Exercise directions →
What you return must be the data below, word for word, without any images.
─── Source material
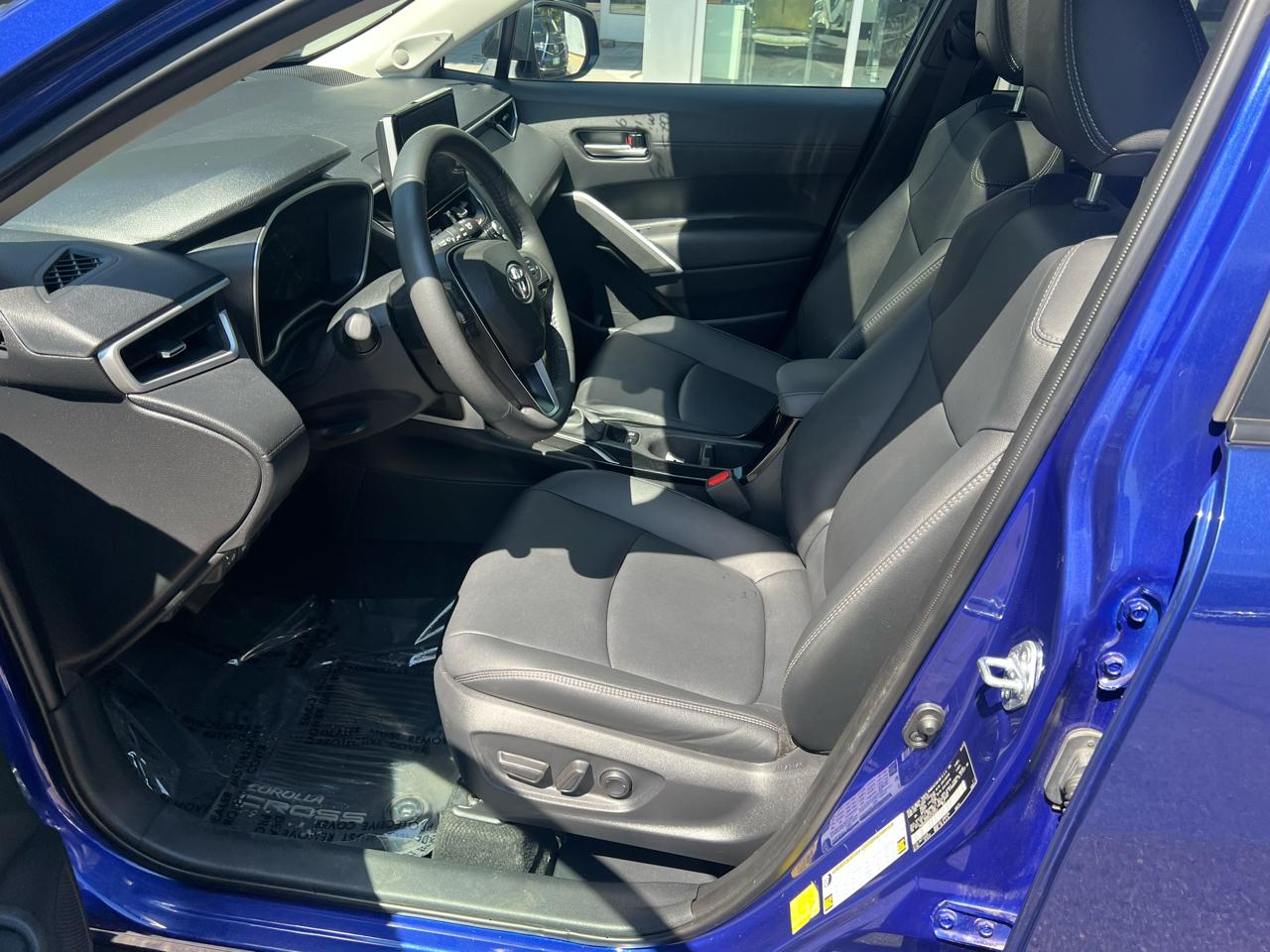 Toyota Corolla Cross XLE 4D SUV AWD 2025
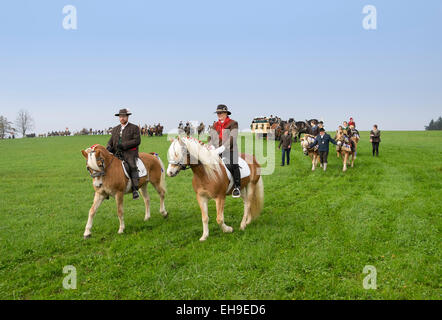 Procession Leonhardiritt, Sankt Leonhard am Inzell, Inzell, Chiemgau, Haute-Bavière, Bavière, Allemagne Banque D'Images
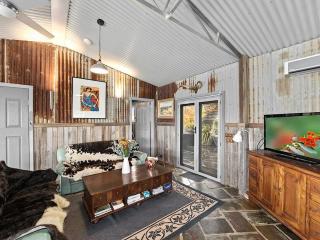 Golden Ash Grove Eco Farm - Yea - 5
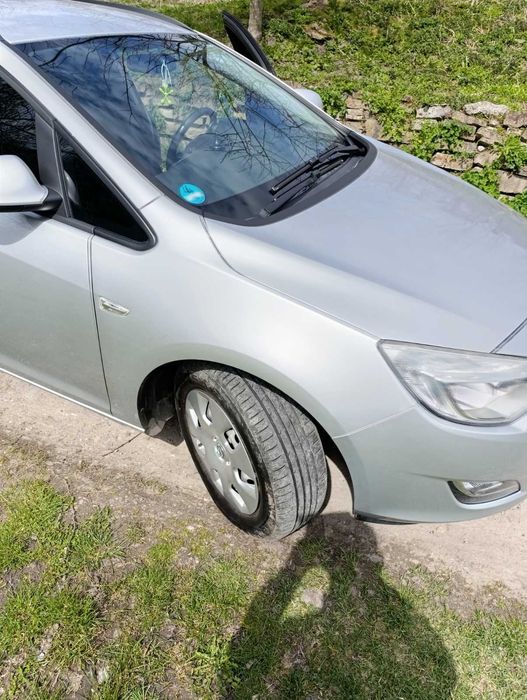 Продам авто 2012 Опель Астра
──────
Response to the exercise →
 Toyota Corolla Cross XLE 4D SUV AWD 2025
 Procession Leonhardiritt, Sankt Leonhard am Inzell, Inzell, Chiemgau, Haute-Bavière, Bavière, Allemagne Banque D'Images
 Golden Ash Grove Eco Farm - Yea - 5
 Продам авто 2012 Опель Астра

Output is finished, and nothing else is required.